Required action -
Print, exactly as they appear in the listing below, the lines from the line with "Crystal Triple Glazed" to the line with "Postal vintage Graz", with both end lines kept.

Material provided -
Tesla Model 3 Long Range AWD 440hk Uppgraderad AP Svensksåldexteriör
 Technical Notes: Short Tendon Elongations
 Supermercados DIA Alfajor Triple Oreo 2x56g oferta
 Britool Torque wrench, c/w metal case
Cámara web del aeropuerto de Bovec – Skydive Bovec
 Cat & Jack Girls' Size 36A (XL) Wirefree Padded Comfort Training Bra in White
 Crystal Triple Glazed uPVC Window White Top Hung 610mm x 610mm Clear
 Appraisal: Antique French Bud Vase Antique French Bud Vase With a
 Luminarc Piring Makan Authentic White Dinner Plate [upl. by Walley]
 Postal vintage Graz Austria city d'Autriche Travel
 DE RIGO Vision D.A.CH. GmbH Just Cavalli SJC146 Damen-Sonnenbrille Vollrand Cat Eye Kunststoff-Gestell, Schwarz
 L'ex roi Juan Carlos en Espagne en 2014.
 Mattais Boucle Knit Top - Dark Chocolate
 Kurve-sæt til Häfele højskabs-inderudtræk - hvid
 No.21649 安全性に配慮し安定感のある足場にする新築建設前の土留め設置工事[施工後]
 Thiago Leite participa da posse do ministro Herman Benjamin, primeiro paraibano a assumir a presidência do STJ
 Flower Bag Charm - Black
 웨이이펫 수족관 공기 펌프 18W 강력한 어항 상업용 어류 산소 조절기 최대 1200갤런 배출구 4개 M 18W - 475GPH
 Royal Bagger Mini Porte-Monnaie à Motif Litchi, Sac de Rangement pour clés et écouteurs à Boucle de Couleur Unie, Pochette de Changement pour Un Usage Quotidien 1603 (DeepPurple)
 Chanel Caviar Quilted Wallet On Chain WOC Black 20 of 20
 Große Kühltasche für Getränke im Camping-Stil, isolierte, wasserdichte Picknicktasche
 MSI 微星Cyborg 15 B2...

Task answer -
 Crystal Triple Glazed uPVC Window White Top Hung 610mm x 610mm Clear
 Appraisal: Antique French Bud Vase Antique French Bud Vase With a
 Luminarc Piring Makan Authentic White Dinner Plate [upl. by Walley]
 Postal vintage Graz Austria city d'Autriche Travel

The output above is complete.